Affluent Connecticut Town Avoids Affordable Housing Fight

An exclusive Connecticut community that has been at the center of a controversy over the proposed development of a multifamily housing complex has averted further tumult thanks to the intervention of third-party developer.
As reported by National Mortgage Professional on Feb. 20, the town of Wesport, Conn., became divided over the past few weeks following a proposal to build a five-story, 200-unit housing complex on the site of the Westport Inn, a two-story hotel that has been a fixture of the town for years. Thirty percent of the units in the new complex were to be set aside for affordable housing. The project’s developer, 1595 Post Equities LLC, sought to circumvent the local zoning commission with a filing under Connecticut’s 8-30g statute, which allows a developer to exceed local zoning regulations if a municipality’s affordable housing inventory was less than 10 percent of all housing units—the developer noted that Wesport’s affordable housing level is only 2.75 percent.

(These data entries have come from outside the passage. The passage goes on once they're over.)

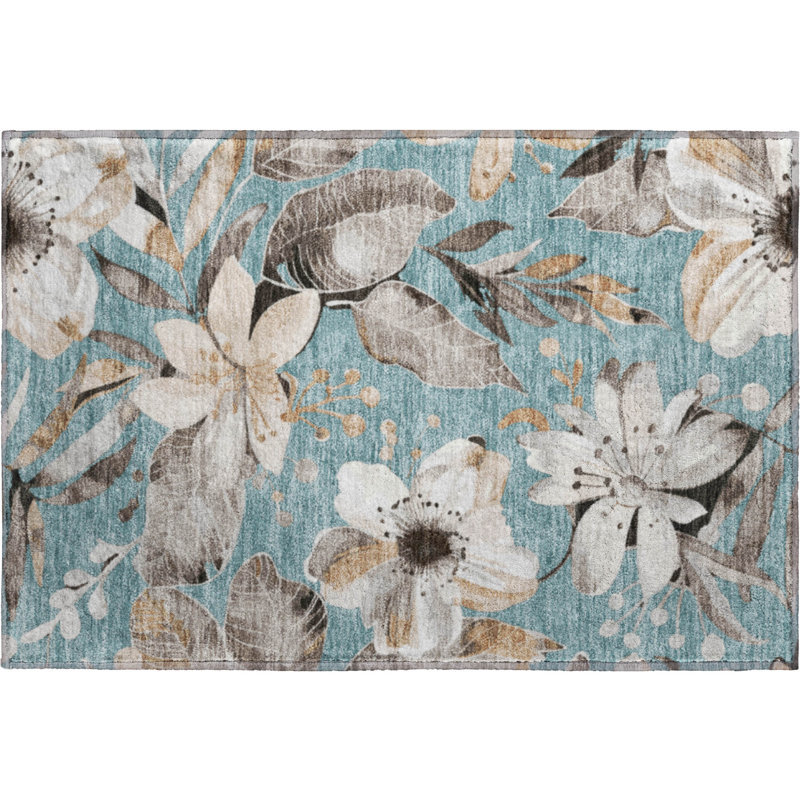 Tapis floral lavable à la machine de qualité supérieure Mayfield AMF2260, Bleu sarcelle, 1 pi 8 po x 2 pi 6 po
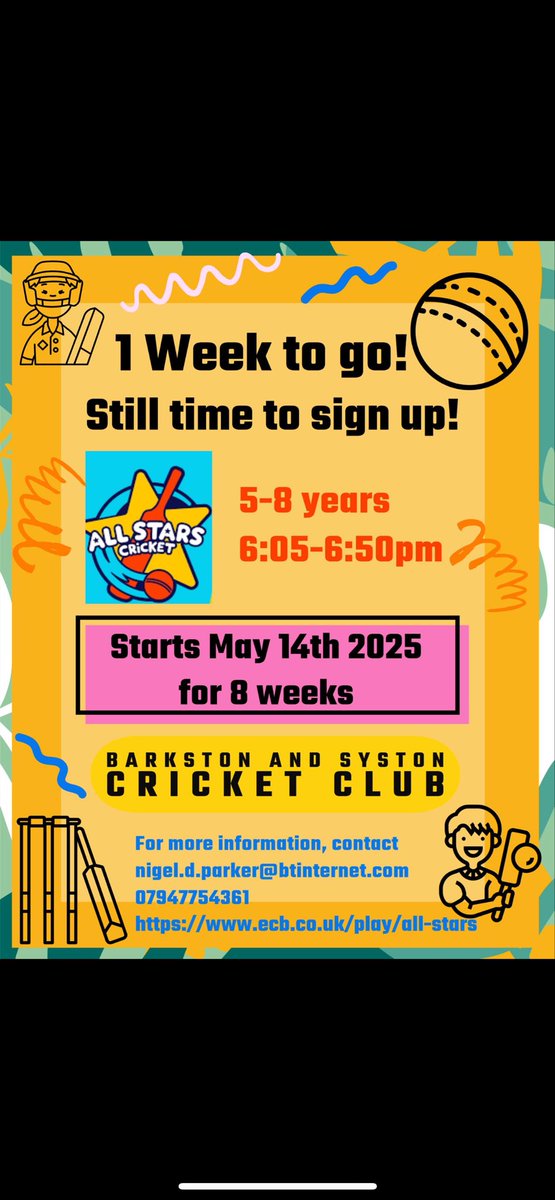 Barkston & Syston CC (@bandscc) on Twitter photo โผ๏ธโผ๏ธโผ๏ธ The countdown begins, still time to sign up ๐ฆ๐ฆ
๐ <a href="/allstarscricket/">All Stars Cricket</a> is back for summer 2025 at Barkston and Syston CC! ๐ฆ๐ฆ
โญ Allstars cricket 5-8 year Olds
Sign up here โฌ๏ธโฌ๏ธ
โญ๏ธ๐ - ecb.clubspark.uk/AllStars/bandsโฆ โผ๏ธโผ๏ธโผ๏ธ The countdown begins, still time to sign up ๐ฆ๐ฆ
๐ <a href="/allstarscricket/">All Stars Cricket</a> is back for summer 2025 at Barkston and Syston CC! ๐ฆ๐ฆ
โญ Allstars cricket 5-8 year Olds
Sign up here โฌ๏ธโฌ๏ธ
โญ๏ธ๐ - ecb.clubspark.uk/AllStars/bandsโฆ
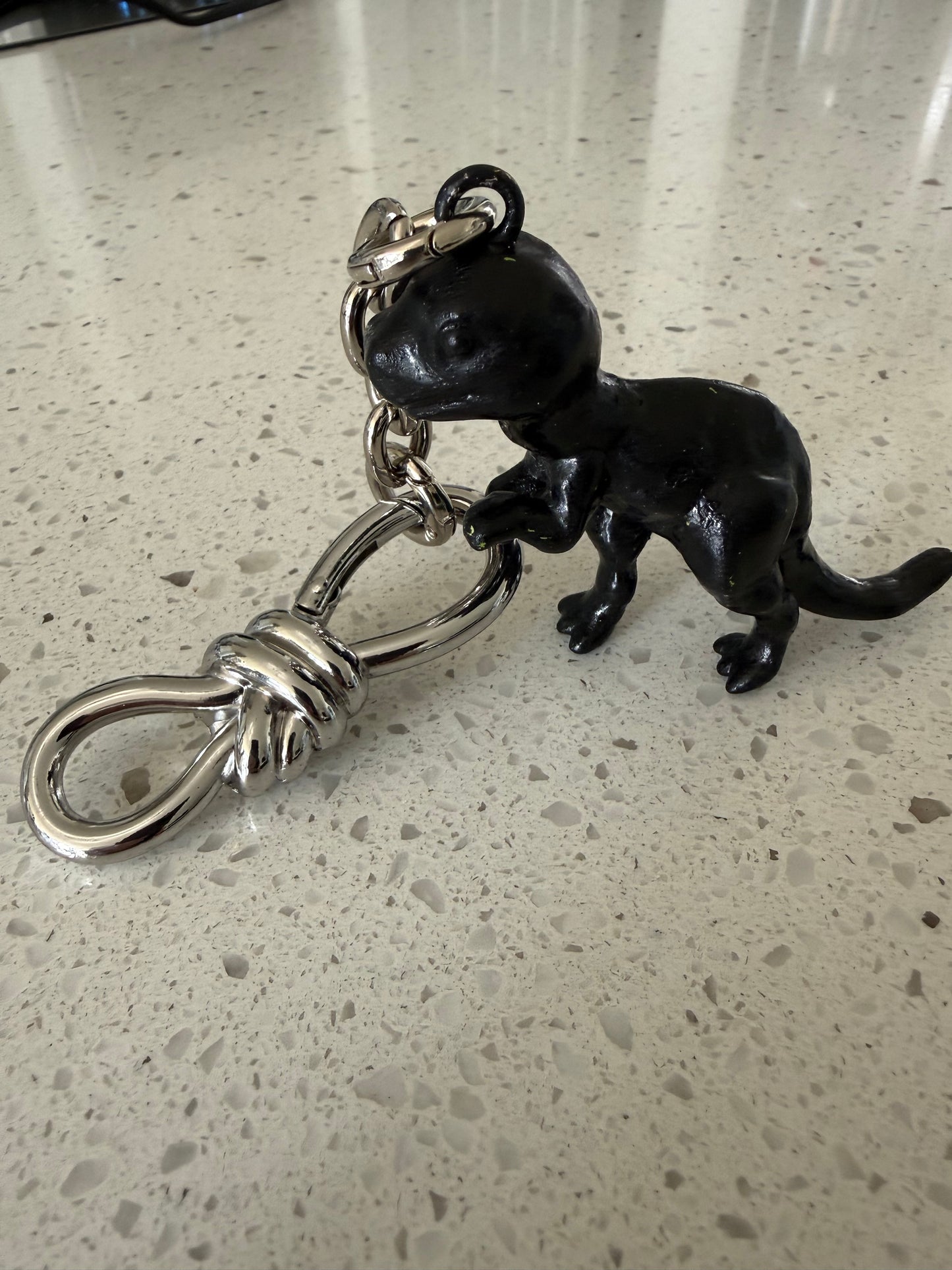 Upcrafted Coach Rexy Metal Bag Charm – Painted Black & Distressed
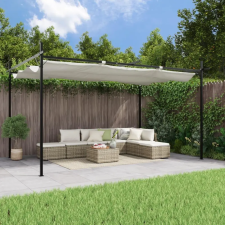  krémszínű pergola behúzható tetővel 395 x 292 x 230 cm kerti tárolás
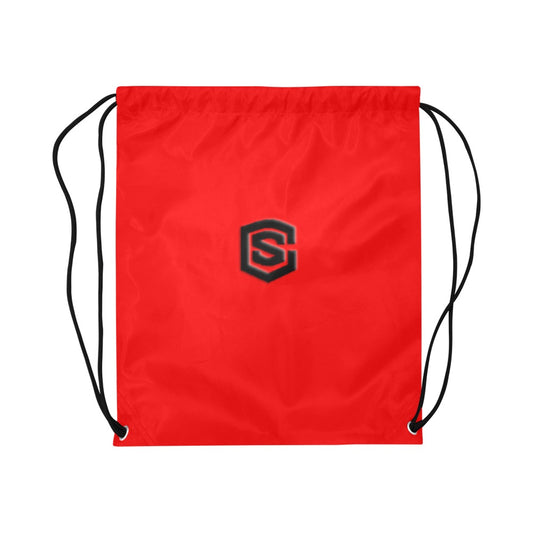 Red Drawstring Bags Large With Black Logo Drawstring Bags (Model 1604) (Large)
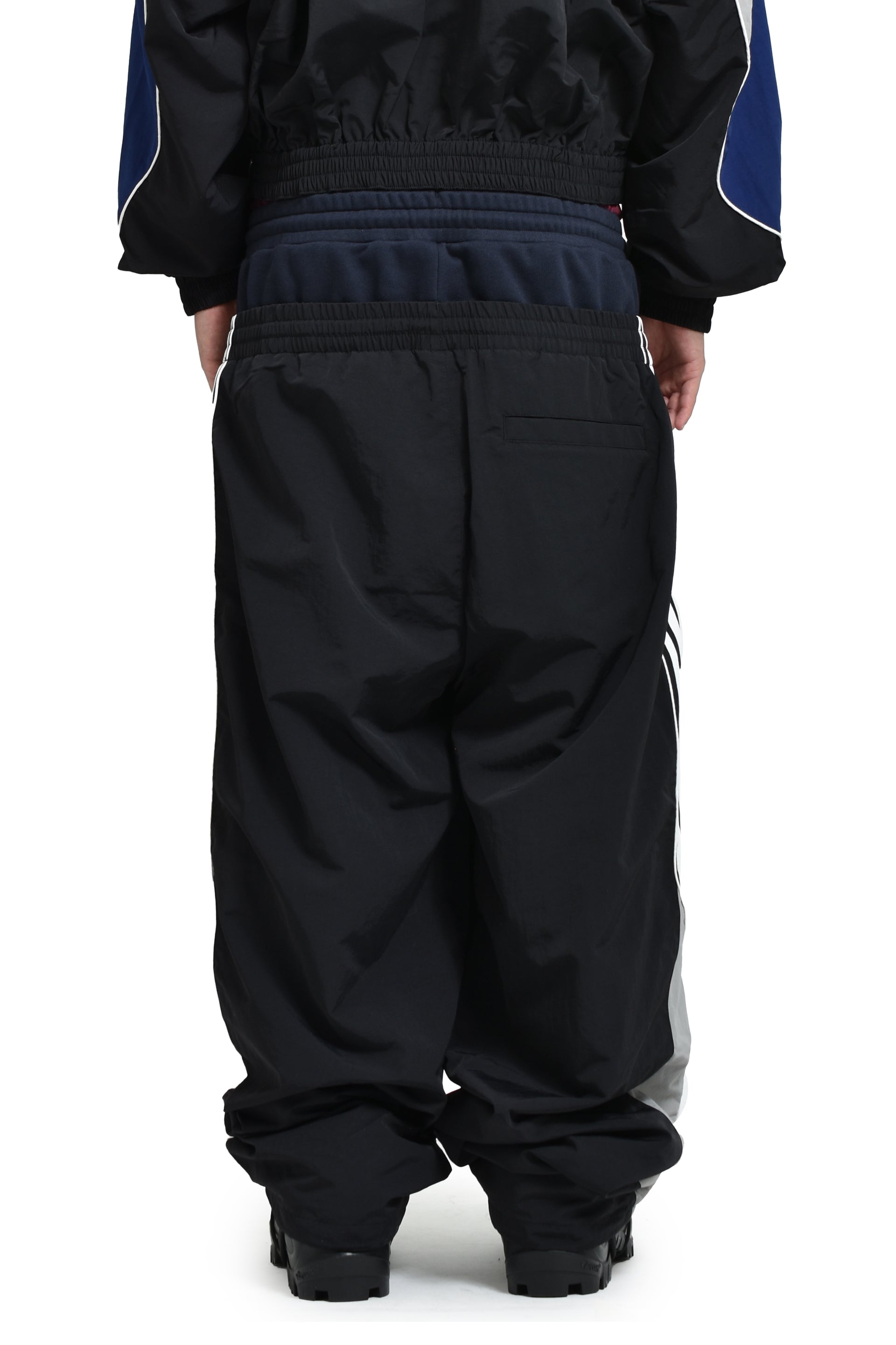 3 LAYERED TRACK PANTS / BLK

The proposal brought a heated response from many Wesport residents, and an online petition added to the controversy. But the matter has been resolved by the intervention of Building and Land Technology (BLT), a real estate investment and development firm that purchased the Westport Inn for $14.5 million. BLT plans to maintain the property as a hotel, and the decision was greeted by the town’s officials.
“It’s gratifying to achieve a result that forestalls previous plans to develop multifamily housing on the hotel site, which was not the appropriate use here,” said First Selectman Jim Marpe.
In 2011, Forbes Magazine ranked Westport as the nation’s 10th most affluent neighborhood, with a median household income of $147,391.